去年、あるフランス製の麻に触れたことがきっかけで麻好きになった。

キッチン、ベッド周りをその真っ白の麻のものに変えていくのはなんとも贅沢で心地よいことだった。

それまでは麻はすぐシワになるし、シミ取りも大変と以前はむしろ遠避けていた。

「へぇ、出会う相手が違うと印象も変わるものね」とフランス製のその麻の出会いに感謝した。

きっとこれまでの私はB級の麻にしか出会っていなかったのだろう。

「ああ、長いこと麻の良さを知らずに生きてきたなんて何だか勿体いなかったじゃない?」

チクリと自分に言ってみた。

するとチクリとされた私が言い返してきた

「まぁ、こうして今に出会えただけでも幸せじゃない。
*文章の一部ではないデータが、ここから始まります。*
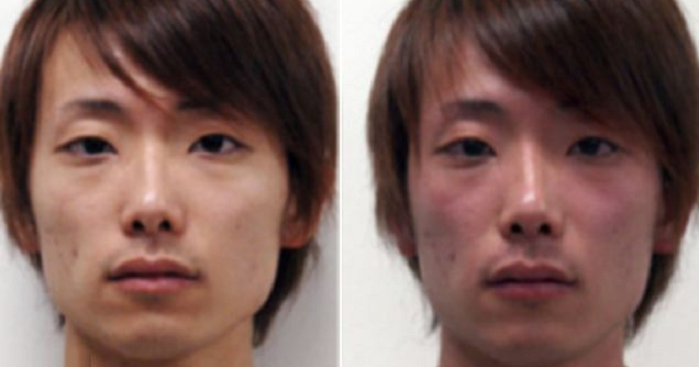 Drinking Alcohol Turns Some People Red Quickly, Here's the Ugly Truth - World Of Buzz 4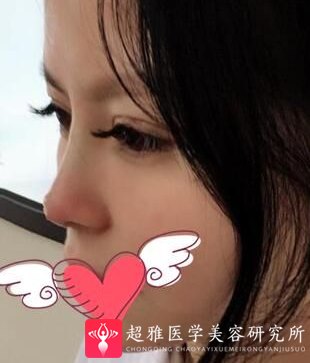 不开刀隆鼻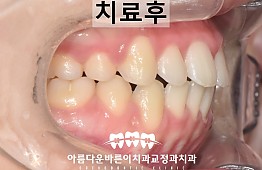 수술후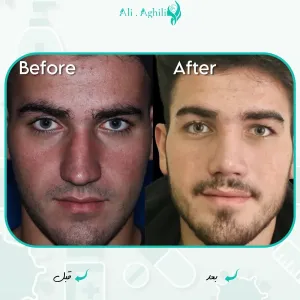 Before-After-8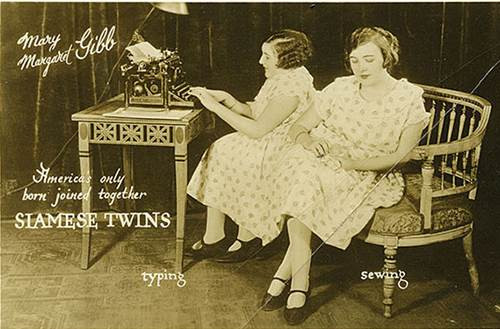 Chuyện tình yêu cảm động của cặp chị em sinh đôi dính liền ảnh 2 Chuyện tình yêu cảm động của cặp chị em sinh đôi dính liền - 2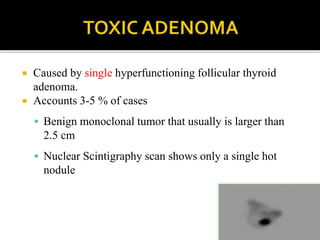  Caused by single hyperfunctioning follicular thyroid
adenoma.
 Accounts 3-5 % of cases
 Benign monoclonal tumor that usually is larger than
2.5 cm
 Nuclear Scintigraphy scan shows only a single hot
nodule
 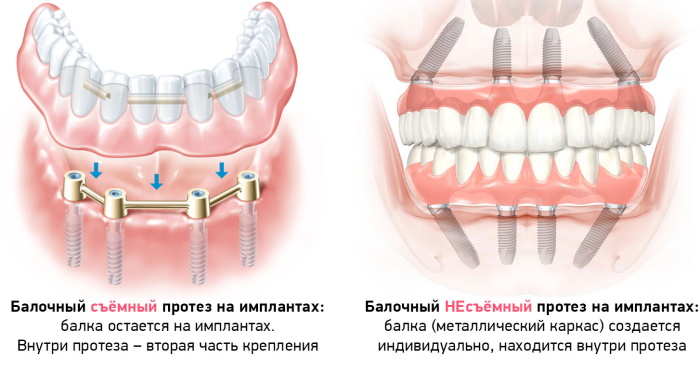 Несъемный протез на 4 имплантах. Цена, можно ли поставить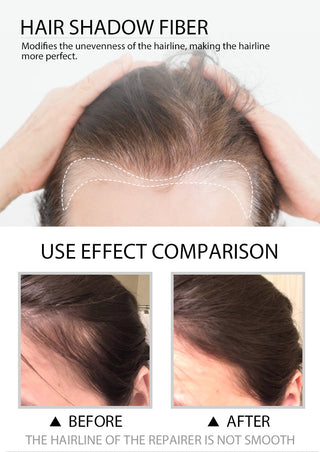 Sevich 12g Hair Line powder ALODIA STORE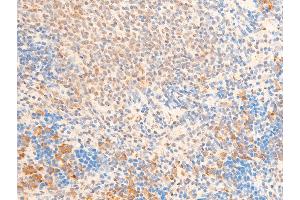 ABIN6267237 at 1/100 staining rat spleen tissue sections by IHC-P.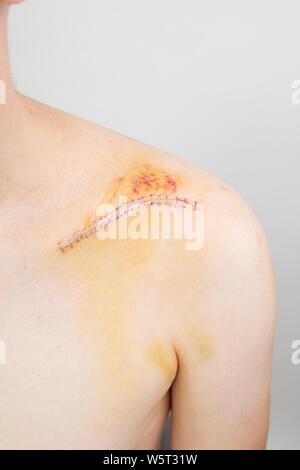 Gebrochene Schlüsselbein/Schlüsselbein/clavicula nach der Operation nach einem Fahrrad crash Stockfoto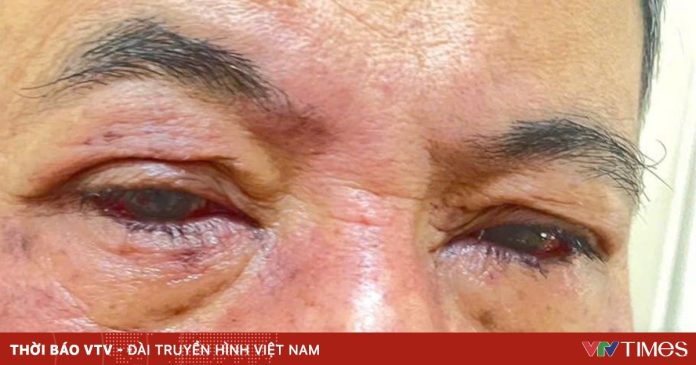 Cảnh báo tổn thương mắt do dị ứng thuốc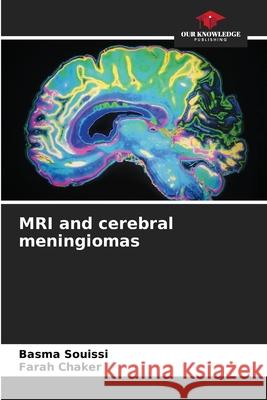 MRI and cerebral meningiomas Souissi, Basma, Chaker, Farah 9786208986933 Our Knowledge Publishing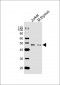 (Mouse) Dpf2 Antibody (N-term)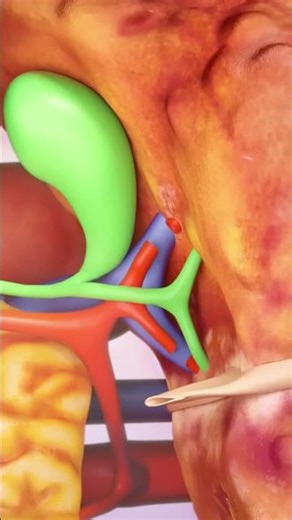 liver transplant surgery procedure #animation #medical #surgery
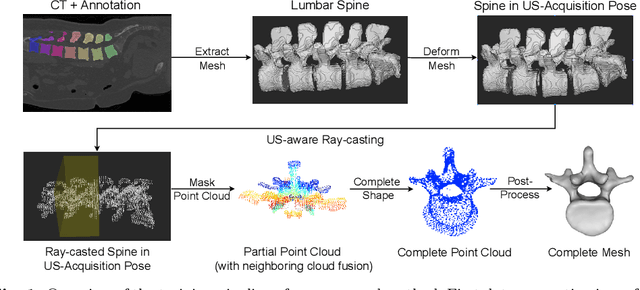 Figure 1 for Shape Completion in the Dark: Completing Vertebrae Morphology from 3D Ultrasound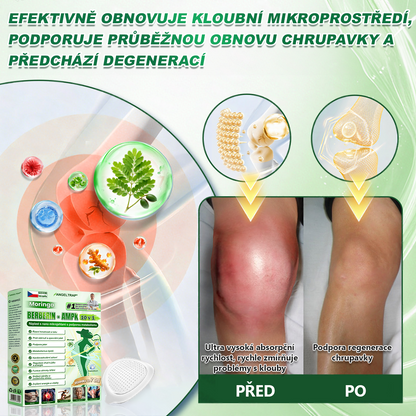 🍀🛡️ Oficiální vlajkový obchod | 💜💜 𝑨𝑵𝑮𝑬𝑳𝑻𝑹𝑨𝑷® Moringa × berberin × AMPK 10 v 1 — nanomikrojehličkové náplasti na podporu hubnutí 🇨🇿 Stačí 1× denně ✅ Výsledky již za 7 dní — podpora při nadváze, pro zdraví srdce a cév a péči o klouby
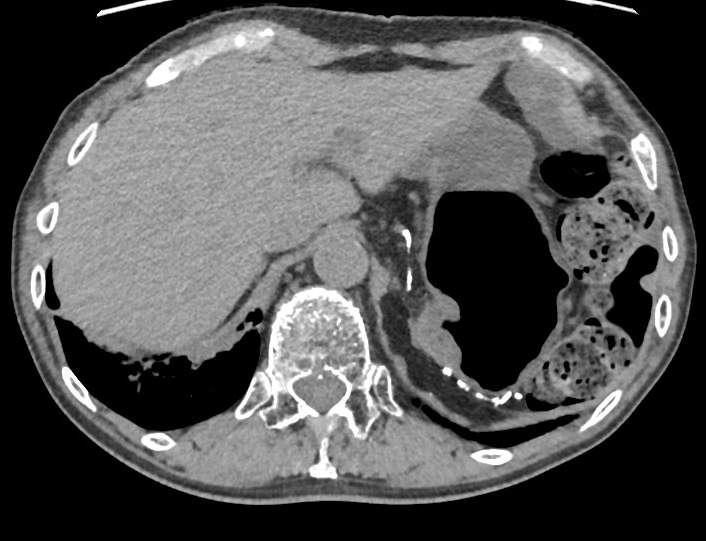 image-radiopaedia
麻に限らず出会いの印象で横へ片付けてしまっていること、他にもあるかもよ」。

確かに。

31回も引っ越しをしていると横へと区分けしがちである。

まして50年も生きていれば人、事に関しても横へとしてこなければ生きてこれなかったことがたんまりある。

知らずに横へとした人、事がとても素敵な麻の如くだったなら・・・

ひゃ、勿体ない。

さてこれからは、横へのことなのか、極上のことなのか、ゆっくりと前後左右、上下も見回して

人、事に関わって生きたいものである。